Exercise materials Start Marker

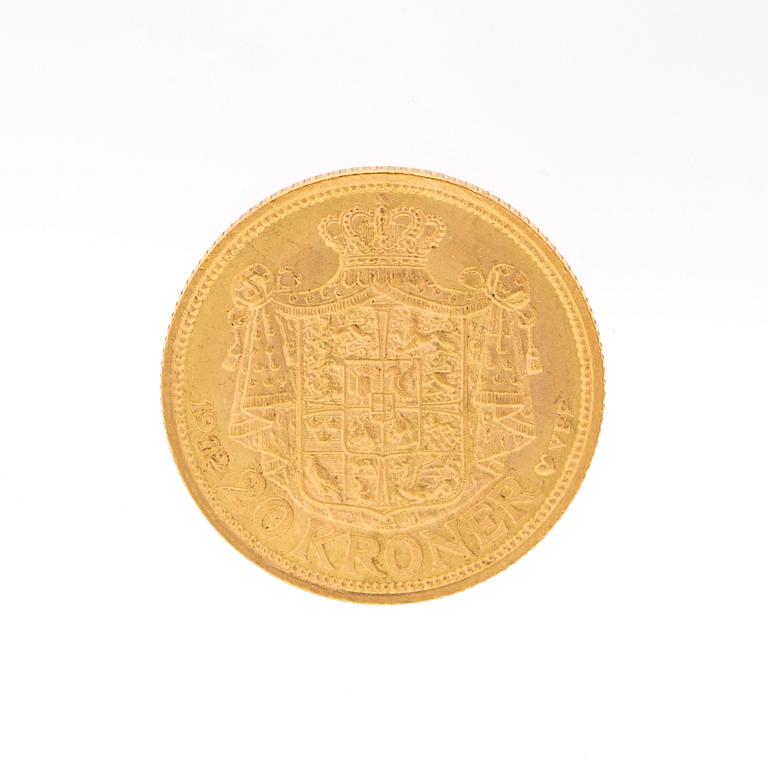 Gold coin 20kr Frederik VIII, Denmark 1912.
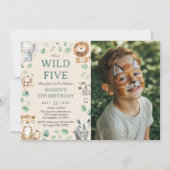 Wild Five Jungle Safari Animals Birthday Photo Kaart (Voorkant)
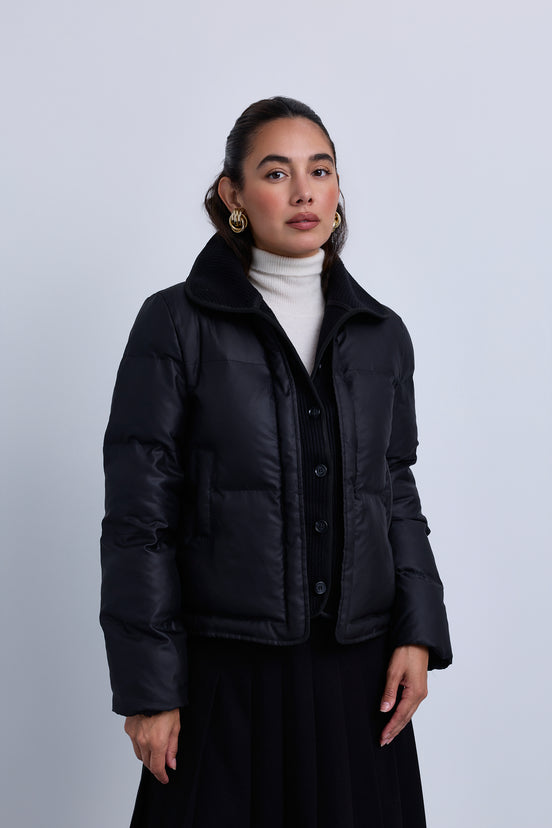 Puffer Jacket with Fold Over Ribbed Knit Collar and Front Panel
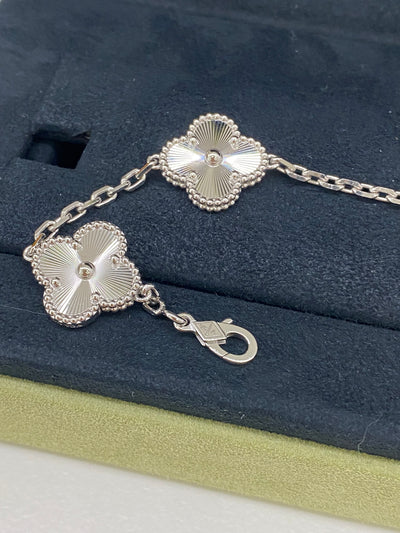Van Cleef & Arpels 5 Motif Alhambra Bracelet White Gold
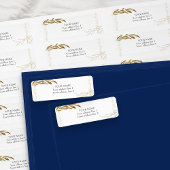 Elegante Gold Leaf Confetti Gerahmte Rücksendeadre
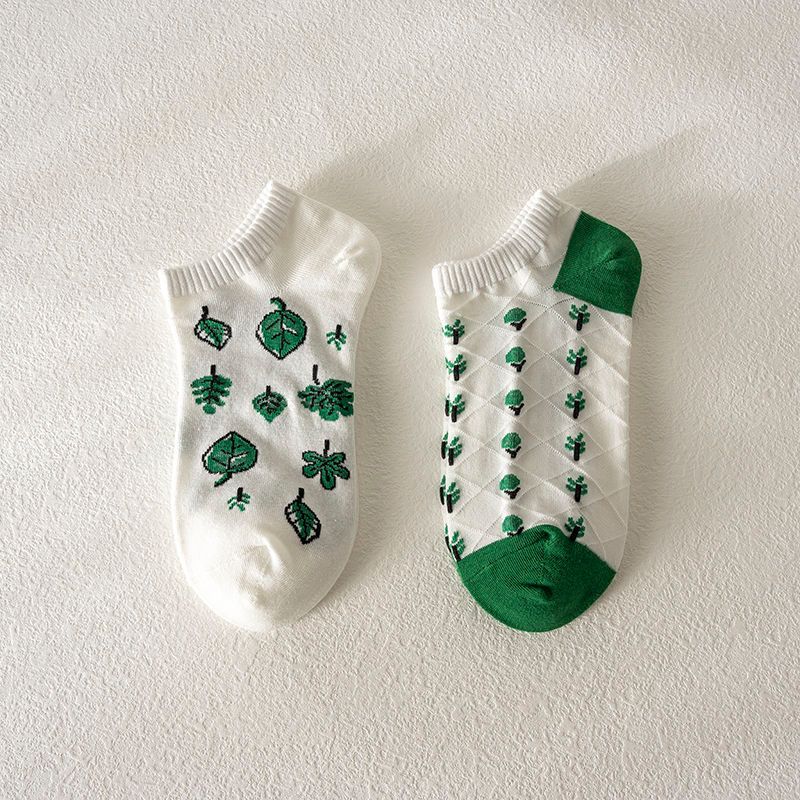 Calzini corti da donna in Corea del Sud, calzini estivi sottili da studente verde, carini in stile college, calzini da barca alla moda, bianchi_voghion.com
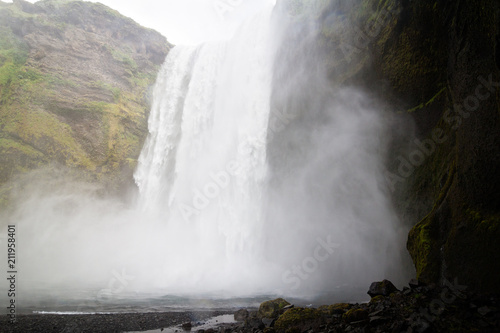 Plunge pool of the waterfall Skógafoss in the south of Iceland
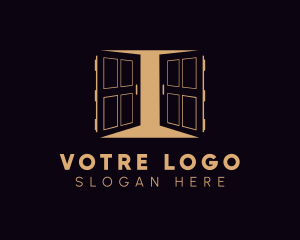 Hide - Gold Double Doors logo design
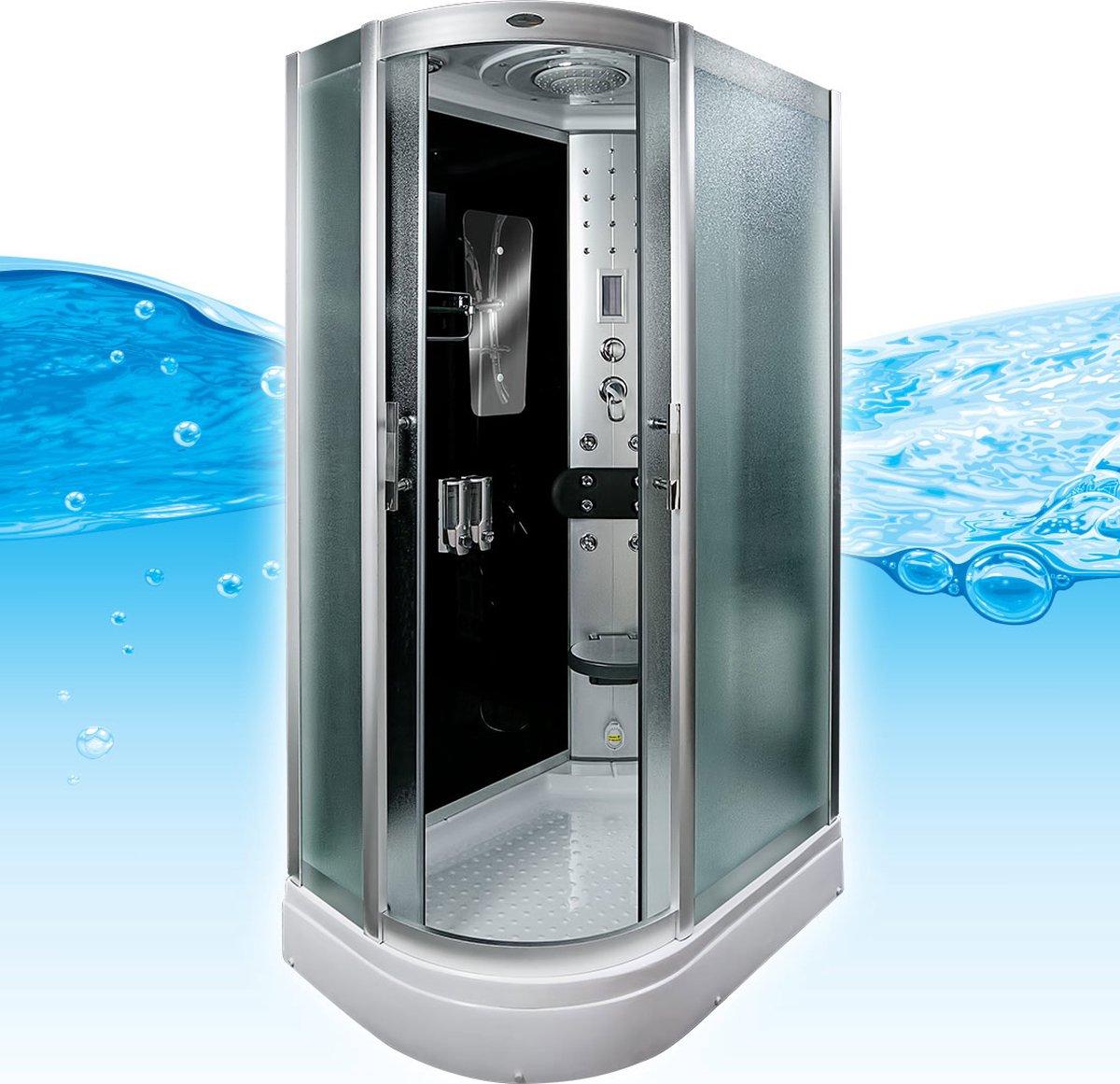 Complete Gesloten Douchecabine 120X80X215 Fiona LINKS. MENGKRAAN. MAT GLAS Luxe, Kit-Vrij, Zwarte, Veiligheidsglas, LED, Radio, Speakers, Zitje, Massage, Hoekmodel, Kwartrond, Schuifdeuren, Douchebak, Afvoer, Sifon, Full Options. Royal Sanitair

Exercise materials End Marker
Exercise materials Start Marker

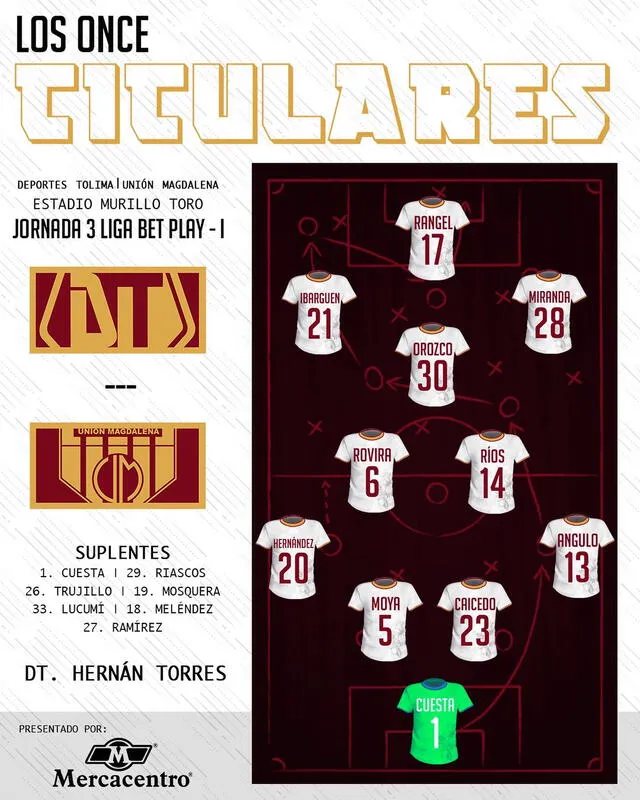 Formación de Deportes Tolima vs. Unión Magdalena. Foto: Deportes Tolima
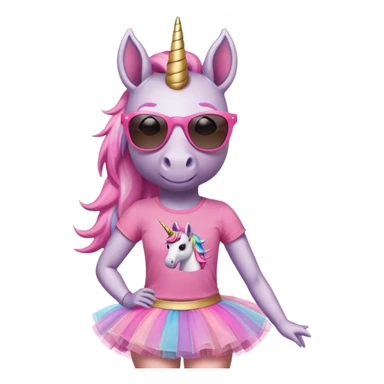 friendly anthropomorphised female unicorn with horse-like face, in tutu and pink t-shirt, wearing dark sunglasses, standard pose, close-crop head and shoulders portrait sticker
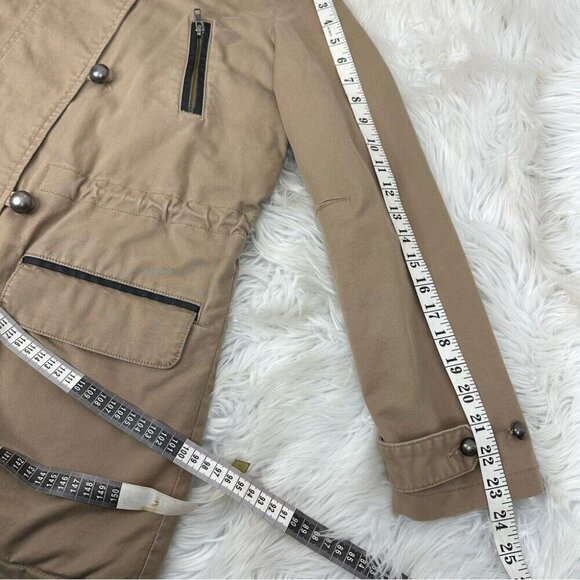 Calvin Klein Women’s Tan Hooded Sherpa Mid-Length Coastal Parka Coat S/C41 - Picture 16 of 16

Exercise materials End Marker

Print the part of the listing above that opens with the line containing "Puffer Jacket with" and closes with the line containing "Hide - Gold Double Doors logo design". Copy it exactly, both ends included, and omit the pictures.

 Puffer Jacket with Fold Over Ribbed Knit Collar and Front Panel
Van Cleef & Arpels 5 Motif Alhambra Bracelet White Gold
 Elegante Gold Leaf Confetti Gerahmte Rücksendeadre
 Calzini corti da donna in Corea del Sud, calzini estivi sottili da studente verde, carini in stile college, calzini da barca alla moda, bianchi_voghion.com
 Plunge pool of the waterfall Skógafoss in the south of Iceland
 Hide - Gold Double Doors logo design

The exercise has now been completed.